Just two weeks ago, Google researchers revealed the results of their experiments recreating Doom with AI using GameNGen. We were impressed, but it didn't exactly make it look like we'd be seeing AI game generation anytime very soon. But now the Chinese tech company Tencent has dropped a research paper that appears to lay the foundations for AI game engines.
Tencent's GameGen-O is described as the first diffusion transformer model tailored for the generation of open-world video games. The paper says that it allows high-quality, open-domain generation by simulating characters, dynamic environments, complex actions and events.
According to the paper on GitHub, GameGen-O involves data collection and processing from scratch from "over a hundred next-generation open-world games", employing a proprietary data pipeline for efficient sorting, scoring, filtering, and decoupled captioning. A two-stage training process consists of foundation model pretraining via text-to-video and video continuation, followed by instruction tuning using a trainable InstructNet, which enables the production of subsequent frames based on multimodal structural instructions.
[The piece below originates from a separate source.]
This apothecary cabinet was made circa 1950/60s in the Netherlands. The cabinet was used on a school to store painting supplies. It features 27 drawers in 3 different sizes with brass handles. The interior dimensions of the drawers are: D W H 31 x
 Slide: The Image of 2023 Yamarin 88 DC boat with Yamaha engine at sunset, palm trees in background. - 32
The clips are short, and appear to be video more than games, kind of like a mini Sora designed to follow to control input prompts, and it doesn't seem that it's real-time generated, although that would be the ultimate aim. The paper says the training process gives the model with the ability to generate and interactively control content, representing an initial forward towards open-world video game generation via generative models as a possible alternative to rendering techniques.
Unsurprisingly, the development is provoking debate – and also some jokes. "We can make our own GTA 6 before GTA 6 launches with this pace of progress," one person suggested on Reddit.